Segundo a jornalista Milena Rubens, amiga de Mirella e uma das organizadoras do evento, também estarão presentes representantes de movimentos feministas, além de representantes da Secretaria Municipal da Mulher. “Também haverá grupos musicais formados apenas por mulheres. Essa luta é por Mirella e por todas”, diz. Os pais da fisioterapeuta, Suely Araújo e Wilson Pacheco, confirmaram presença no protesto.

DEPOIMENTO


No início da tarde de ontem, os dois foram à sede do Departamento de Homicídios e Proteção à Pessoa (DHPP), no bairro do Cordeiro, Zona Oeste do Recife, para prestar depoimento ao delegado Francisco Océlio, responsável pela investigação.
O primeiro dia de Edvan Luiz no Centro de Triagem e Observação Professor Everardo Luna (Cotel), em Abreu e Lima, no Grande Recife, foi tranquilo, segundo relatos de agentes penitenciários. Devido à grande repercussão do crime, e por se tratar de violência sexual – a vítima foi encontrada sem roupas –, o acusado ficou isolado dos demais detentos.




O comerciante teve a prisão preventiva decretada pela juíza Blanche Maymone Pontes, na tarde da quinta-feira, e vai aguardar no Cotel pelo julgamento. Um dos advogados de Edvan, Abisai Soares, disse não ter conseguido contato com o cliente durante o dia de ontem, uma vez que as visitas precisam de autorização judicial. “Ainda foi preciso resolver pendências no DHPP, como recolher alguns pertences dele. Mas a informação que temos é de que está tudo bem”.

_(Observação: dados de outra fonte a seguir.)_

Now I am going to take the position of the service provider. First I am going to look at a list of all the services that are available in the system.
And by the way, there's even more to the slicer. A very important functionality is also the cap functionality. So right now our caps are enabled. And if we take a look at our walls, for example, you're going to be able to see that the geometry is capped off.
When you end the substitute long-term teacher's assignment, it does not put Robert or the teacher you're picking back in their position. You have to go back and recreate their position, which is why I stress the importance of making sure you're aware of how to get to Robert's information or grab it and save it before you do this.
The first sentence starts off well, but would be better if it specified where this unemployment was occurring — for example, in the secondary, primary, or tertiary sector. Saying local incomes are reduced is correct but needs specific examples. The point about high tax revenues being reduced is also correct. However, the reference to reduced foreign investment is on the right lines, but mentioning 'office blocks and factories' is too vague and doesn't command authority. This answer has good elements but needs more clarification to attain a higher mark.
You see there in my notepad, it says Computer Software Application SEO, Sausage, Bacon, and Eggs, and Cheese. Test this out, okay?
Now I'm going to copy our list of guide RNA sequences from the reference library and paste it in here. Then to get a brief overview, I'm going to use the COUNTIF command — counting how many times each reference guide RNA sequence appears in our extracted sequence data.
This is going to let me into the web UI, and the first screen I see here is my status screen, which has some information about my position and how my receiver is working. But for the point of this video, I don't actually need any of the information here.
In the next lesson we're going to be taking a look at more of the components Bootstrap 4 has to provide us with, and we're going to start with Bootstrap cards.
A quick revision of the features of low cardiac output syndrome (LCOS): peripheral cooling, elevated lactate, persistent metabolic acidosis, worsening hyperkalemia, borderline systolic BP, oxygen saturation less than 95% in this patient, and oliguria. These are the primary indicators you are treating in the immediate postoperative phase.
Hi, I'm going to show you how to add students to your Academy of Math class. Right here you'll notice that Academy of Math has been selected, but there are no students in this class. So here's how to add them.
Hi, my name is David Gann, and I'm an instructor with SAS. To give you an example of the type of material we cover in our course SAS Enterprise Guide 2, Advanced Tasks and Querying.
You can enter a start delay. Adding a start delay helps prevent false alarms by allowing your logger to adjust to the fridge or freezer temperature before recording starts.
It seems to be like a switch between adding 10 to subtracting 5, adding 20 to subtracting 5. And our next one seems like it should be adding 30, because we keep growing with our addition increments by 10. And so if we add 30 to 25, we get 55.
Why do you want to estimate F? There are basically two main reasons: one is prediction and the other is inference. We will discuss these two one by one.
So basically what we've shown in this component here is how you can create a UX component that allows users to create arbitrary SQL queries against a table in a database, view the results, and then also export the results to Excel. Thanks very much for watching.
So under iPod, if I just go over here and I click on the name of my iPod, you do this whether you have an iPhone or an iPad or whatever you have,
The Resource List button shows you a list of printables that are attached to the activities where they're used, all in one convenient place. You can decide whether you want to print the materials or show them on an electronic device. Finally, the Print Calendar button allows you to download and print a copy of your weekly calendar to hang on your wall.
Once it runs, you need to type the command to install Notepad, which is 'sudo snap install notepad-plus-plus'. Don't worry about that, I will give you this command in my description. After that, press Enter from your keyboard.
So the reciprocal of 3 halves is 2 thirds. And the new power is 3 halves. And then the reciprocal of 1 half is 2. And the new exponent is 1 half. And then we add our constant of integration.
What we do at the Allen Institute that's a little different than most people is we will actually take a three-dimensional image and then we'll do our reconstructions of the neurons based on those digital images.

Um morador do flat onde ocorreu o crime, em Boa Viagem, diz ter ouvido boatos sobre o suposto assédio de Edvan a outras moradoras. “São histórias de que ele ofereceria drogas e convidaria as moças para subirem ao apartamento dele”, diz. O depoimento do morador, inclusive, consta no despacho da juíza em que ela decreta o recolhimento do acusado ao Cotel. A Polícia ainda espera pelos resultados dos exames toxicológico (em Edvan) e sexológico (em Mirella). Para o delegado Francisco Océlio, caso seja caracterizada a violência sexual, o comerciante também será indiciado por estupro. Até agora, ele responde por homicídio triplamente qualificado (feminicídio, motivo torpe e sem dar chance de defesa à vítima). Se condenado, pode pegar uma pena que varia de 12 a 25 anos de reclusão.